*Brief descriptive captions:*
%%

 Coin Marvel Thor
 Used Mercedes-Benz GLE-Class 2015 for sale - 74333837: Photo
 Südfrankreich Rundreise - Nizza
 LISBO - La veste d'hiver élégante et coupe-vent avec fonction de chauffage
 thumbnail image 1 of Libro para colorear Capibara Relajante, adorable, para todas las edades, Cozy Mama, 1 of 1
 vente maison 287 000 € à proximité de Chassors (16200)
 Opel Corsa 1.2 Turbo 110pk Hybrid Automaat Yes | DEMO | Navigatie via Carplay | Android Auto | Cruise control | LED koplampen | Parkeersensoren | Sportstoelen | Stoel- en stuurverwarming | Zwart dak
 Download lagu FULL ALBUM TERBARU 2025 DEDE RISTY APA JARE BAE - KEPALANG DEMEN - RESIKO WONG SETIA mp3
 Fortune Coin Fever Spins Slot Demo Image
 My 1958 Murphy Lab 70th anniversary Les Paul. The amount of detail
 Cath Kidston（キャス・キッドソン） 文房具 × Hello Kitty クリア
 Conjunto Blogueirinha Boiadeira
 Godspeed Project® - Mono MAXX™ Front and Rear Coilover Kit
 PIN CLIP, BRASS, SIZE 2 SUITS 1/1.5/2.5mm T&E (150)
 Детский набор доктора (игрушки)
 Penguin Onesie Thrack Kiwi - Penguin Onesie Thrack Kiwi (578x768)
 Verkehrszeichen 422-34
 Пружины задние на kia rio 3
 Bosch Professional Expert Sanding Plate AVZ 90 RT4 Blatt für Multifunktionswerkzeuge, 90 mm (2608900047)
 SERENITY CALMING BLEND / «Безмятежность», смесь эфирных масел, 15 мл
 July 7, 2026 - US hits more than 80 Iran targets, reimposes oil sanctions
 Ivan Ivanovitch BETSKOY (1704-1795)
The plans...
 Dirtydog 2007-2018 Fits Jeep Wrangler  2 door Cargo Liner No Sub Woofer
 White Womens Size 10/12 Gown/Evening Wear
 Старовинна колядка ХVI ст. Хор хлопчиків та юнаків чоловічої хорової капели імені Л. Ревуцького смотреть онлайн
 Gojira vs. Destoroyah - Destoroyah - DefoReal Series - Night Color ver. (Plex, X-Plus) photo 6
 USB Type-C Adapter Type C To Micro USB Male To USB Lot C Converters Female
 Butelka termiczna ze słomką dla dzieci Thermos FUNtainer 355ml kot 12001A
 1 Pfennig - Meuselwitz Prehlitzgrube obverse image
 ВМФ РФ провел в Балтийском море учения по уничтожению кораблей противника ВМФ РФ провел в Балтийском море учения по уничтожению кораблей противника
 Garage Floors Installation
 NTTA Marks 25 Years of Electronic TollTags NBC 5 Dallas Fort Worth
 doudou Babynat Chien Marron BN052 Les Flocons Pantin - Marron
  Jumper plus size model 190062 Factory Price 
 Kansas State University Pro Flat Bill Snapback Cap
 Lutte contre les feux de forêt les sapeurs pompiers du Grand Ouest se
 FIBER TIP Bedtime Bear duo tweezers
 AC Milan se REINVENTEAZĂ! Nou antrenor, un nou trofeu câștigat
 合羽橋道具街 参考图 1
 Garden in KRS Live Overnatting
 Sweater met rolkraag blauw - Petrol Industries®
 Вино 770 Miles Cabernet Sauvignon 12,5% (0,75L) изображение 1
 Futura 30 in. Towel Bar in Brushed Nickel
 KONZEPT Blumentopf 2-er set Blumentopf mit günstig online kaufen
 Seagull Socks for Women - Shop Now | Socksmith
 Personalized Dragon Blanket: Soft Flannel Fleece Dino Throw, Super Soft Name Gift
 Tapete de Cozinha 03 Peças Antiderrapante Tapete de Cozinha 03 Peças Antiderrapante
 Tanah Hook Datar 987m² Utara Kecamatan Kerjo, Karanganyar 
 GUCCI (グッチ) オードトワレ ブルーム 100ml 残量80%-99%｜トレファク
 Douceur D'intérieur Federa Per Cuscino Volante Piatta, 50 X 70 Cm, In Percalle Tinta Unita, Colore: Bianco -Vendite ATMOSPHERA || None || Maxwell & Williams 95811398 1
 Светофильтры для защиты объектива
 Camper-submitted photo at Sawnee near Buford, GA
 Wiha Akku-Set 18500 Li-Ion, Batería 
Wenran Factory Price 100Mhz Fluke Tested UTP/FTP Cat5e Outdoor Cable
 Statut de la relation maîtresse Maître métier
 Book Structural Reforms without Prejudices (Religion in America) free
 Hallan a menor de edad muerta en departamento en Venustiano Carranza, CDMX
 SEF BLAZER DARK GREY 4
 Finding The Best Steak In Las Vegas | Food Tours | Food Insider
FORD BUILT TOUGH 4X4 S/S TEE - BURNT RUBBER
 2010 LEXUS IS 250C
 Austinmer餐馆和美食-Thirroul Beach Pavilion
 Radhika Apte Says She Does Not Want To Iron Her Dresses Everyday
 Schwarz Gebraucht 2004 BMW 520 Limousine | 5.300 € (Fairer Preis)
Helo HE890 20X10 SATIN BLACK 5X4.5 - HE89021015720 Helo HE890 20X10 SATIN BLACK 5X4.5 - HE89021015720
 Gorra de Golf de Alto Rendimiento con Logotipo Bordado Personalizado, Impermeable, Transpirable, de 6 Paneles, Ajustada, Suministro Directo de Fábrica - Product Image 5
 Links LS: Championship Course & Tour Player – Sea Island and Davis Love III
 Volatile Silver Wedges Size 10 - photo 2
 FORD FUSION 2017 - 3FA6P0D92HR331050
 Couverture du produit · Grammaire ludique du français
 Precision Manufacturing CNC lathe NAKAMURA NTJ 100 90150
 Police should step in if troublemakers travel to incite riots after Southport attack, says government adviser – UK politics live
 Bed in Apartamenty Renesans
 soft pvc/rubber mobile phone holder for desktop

%%

*INSTRUCTIONS FOR THE TASK:*
Please give back only the lines between the first line of the entries and the line with "1 Pfennig - Meuselwitz", both ends included, word for word.

*ANSWER SECTION:*
 Coin Marvel Thor
 Used Mercedes-Benz GLE-Class 2015 for sale - 74333837: Photo
 Südfrankreich Rundreise - Nizza
 LISBO - La veste d'hiver élégante et coupe-vent avec fonction de chauffage
 thumbnail image 1 of Libro para colorear Capibara Relajante, adorable, para todas las edades, Cozy Mama, 1 of 1
 vente maison 287 000 € à proximité de Chassors (16200)
 Opel Corsa 1.2 Turbo 110pk Hybrid Automaat Yes | DEMO | Navigatie via Carplay | Android Auto | Cruise control | LED koplampen | Parkeersensoren | Sportstoelen | Stoel- en stuurverwarming | Zwart dak
 Download lagu FULL ALBUM TERBARU 2025 DEDE RISTY APA JARE BAE - KEPALANG DEMEN - RESIKO WONG SETIA mp3
 Fortune Coin Fever Spins Slot Demo Image
 My 1958 Murphy Lab 70th anniversary Les Paul. The amount of detail
 Cath Kidston（キャス・キッドソン） 文房具 × Hello Kitty クリア
 Conjunto Blogueirinha Boiadeira
 Godspeed Project® - Mono MAXX™ Front and Rear Coilover Kit
 PIN CLIP, BRASS, SIZE 2 SUITS 1/1.5/2.5mm T&E (150)
 Детский набор доктора (игрушки)
 Penguin Onesie Thrack Kiwi - Penguin Onesie Thrack Kiwi (578x768)
 Verkehrszeichen 422-34
 Пружины задние на kia rio 3
 Bosch Professional Expert Sanding Plate AVZ 90 RT4 Blatt für Multifunktionswerkzeuge, 90 mm (2608900047)
 SERENITY CALMING BLEND / «Безмятежность», смесь эфирных масел, 15 мл
 July 7, 2026 - US hits more than 80 Iran targets, reimposes oil sanctions
 Ivan Ivanovitch BETSKOY (1704-1795)
The plans...
 Dirtydog 2007-2018 Fits Jeep Wrangler  2 door Cargo Liner No Sub Woofer
 White Womens Size 10/12 Gown/Evening Wear
 Старовинна колядка ХVI ст. Хор хлопчиків та юнаків чоловічої хорової капели імені Л. Ревуцького смотреть онлайн
 Gojira vs. Destoroyah - Destoroyah - DefoReal Series - Night Color ver. (Plex, X-Plus) photo 6
 USB Type-C Adapter Type C To Micro USB Male To USB Lot C Converters Female
 Butelka termiczna ze słomką dla dzieci Thermos FUNtainer 355ml kot 12001A
 1 Pfennig - Meuselwitz Prehlitzgrube obverse image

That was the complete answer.